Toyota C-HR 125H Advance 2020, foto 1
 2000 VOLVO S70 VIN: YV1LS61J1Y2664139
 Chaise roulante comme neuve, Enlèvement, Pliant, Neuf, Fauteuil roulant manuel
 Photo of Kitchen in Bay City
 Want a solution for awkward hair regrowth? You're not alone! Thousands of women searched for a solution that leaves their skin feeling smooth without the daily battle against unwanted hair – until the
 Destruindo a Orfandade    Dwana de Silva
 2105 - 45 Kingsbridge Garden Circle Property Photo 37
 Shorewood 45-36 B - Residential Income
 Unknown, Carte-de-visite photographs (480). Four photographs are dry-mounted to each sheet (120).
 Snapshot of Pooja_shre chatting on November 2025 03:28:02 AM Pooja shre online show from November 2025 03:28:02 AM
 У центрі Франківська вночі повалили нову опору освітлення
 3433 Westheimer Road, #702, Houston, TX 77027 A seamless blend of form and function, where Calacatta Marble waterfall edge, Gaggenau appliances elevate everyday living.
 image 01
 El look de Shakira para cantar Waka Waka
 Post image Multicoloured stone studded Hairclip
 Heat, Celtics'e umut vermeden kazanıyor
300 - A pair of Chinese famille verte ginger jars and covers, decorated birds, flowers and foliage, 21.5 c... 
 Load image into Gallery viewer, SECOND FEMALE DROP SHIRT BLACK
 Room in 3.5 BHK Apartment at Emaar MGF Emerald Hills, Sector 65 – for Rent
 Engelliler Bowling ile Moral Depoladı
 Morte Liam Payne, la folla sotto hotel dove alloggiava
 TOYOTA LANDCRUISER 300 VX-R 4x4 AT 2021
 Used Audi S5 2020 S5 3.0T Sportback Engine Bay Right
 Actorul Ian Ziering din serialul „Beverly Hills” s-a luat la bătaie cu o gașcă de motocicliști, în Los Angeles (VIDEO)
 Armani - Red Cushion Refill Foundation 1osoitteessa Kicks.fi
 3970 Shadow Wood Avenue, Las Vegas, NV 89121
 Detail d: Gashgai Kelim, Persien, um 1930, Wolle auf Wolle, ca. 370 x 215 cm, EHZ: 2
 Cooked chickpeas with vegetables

__________

The records above should be printed exactly, please, from the first line through the line containing "Photo of Kitchen in Bay City", with both ends kept and nothing past it.

EXPECTED OUTPUT
Toyota C-HR 125H Advance 2020, foto 1
 2000 VOLVO S70 VIN: YV1LS61J1Y2664139
 Chaise roulante comme neuve, Enlèvement, Pliant, Neuf, Fauteuil roulant manuel
 Photo of Kitchen in Bay City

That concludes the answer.